Considering that the PDF may not have been created with TeX to begin
with, perhaps...
"Can I create apples from concentrated orange juice?"
or...
"Can I create a recipe from a shooting star?"
or...
"Can I create the movie script from the banana-flavored toothpaste?"
This is like asking to recreate the whole cow from a hamburger.
> Specifically, I want to be able to convert the math that
> appears in a PDF document to LaTeX code, so that I don't have to write
> it all out manually.
Find the original source and use that.
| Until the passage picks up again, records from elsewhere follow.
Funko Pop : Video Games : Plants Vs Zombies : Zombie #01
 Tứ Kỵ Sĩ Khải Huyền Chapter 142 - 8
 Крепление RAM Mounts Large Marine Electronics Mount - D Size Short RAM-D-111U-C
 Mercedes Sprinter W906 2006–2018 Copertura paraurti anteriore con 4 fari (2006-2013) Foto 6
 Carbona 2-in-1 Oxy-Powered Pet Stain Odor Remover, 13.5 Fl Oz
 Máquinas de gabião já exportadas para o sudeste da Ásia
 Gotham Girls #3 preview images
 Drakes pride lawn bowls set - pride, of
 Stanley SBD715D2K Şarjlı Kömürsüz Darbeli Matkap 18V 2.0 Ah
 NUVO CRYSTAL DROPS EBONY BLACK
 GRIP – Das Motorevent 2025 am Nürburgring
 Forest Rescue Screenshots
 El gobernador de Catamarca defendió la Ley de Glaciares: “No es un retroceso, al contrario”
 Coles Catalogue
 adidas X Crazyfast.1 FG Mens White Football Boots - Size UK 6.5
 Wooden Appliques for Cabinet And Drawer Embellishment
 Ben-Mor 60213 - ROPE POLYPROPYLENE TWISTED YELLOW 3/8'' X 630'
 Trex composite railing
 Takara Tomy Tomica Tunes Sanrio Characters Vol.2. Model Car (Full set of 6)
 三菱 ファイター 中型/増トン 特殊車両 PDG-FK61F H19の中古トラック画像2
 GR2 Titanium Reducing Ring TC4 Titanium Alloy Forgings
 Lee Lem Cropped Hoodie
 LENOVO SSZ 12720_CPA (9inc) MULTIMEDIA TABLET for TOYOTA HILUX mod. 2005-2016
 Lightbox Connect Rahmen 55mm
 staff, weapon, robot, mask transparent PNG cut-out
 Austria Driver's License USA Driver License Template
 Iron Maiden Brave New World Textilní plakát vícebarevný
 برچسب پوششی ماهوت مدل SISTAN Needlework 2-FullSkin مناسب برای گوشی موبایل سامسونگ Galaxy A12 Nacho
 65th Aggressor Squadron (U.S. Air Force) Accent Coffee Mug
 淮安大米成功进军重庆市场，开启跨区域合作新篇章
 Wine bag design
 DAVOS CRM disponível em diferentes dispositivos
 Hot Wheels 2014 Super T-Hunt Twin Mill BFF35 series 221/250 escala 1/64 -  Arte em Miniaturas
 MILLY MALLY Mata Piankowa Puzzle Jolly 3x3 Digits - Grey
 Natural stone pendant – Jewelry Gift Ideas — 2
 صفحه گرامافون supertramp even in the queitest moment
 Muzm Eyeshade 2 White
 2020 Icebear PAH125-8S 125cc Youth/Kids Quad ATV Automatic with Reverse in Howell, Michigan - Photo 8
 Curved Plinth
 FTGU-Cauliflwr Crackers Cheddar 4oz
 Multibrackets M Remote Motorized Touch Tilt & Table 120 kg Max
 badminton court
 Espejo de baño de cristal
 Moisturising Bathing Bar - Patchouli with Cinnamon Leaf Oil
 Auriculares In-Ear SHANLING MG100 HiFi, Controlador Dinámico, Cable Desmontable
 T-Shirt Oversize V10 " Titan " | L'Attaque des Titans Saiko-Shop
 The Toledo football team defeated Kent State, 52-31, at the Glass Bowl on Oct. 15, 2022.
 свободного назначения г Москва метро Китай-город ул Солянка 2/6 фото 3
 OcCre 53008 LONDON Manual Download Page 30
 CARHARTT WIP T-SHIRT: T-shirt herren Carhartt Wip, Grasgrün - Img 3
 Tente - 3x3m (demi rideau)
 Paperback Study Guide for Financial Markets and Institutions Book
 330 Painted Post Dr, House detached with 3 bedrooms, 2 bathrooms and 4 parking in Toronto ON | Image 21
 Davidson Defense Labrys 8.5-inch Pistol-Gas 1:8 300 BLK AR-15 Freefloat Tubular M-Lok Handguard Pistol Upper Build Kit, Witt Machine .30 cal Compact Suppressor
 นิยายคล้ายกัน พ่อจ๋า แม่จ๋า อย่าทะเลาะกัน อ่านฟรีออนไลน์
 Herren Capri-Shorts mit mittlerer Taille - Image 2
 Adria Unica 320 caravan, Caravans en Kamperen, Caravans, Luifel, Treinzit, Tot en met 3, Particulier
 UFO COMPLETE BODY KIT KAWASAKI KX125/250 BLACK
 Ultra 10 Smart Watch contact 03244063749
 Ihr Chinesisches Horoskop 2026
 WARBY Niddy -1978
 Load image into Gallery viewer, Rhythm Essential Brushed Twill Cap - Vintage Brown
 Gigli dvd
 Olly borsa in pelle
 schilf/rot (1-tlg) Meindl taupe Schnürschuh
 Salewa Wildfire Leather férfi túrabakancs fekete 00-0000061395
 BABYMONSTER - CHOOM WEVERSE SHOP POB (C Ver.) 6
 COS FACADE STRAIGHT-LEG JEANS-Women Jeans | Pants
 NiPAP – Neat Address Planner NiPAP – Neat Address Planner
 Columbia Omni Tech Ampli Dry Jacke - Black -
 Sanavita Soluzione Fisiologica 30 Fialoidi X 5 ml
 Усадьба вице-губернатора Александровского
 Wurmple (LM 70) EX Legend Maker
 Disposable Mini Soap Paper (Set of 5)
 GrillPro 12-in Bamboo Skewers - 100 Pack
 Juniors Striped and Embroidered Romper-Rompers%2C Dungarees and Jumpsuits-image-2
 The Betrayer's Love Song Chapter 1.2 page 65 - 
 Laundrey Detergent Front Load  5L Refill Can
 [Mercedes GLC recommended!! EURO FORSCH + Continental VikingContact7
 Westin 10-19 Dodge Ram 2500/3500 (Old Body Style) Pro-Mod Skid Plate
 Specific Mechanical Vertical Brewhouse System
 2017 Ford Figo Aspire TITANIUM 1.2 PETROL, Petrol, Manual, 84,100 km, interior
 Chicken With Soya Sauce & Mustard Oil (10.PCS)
Reverse-engineering may be
possible, but it will take longer than retyping it.
///Peter
Enough of this.
The fact is that Adobe Acrobat can often create a usable .doc from a
PDF, though this likely works well only with ordinary text documents.
It's unfortunate a comparable free application doesn't exist.
Bob T.
Ah, but this depends on what one calls "usable". Usable means the
consistent use of style sheets, cross references and stuff like that.
That 95% of WYSIWYG system users will go "Huh? What's that?" does not
change that you don't want a 1000-page document without such basic
elements in them.
Regardless whether it has been produced by Acrobat, a clueless retyper,
a clueless original typer or a free tool.
--
David Kastrup, Kriemhildstr. 15, 44793 Bochum
UKTUG FAQ: <URL:http://www.tex.ac.uk/cgi-bin/texfaq2html>
In fact you can convert from pdf to .doc using free tools. If you are on
linux, kword can import pdf and export to formats that MS word can read.
Or you can use pdftohtml and then convert the html to .doc. Or you can
sign up for gmail from google, email the pdf to yourself, and have
google convert it to html (and then convert the html to .doc format).
None of these methods will do what the OP wanted of course (convert math
in a pdf to latex), but then again neither will Adobe Acrobat...
What I meant by comparable was to convert .pdf to .tex. I'm aware it is
possible to go from .pdf to .doc and then .doc to .tex using Abiword,
but surely we could and should do better.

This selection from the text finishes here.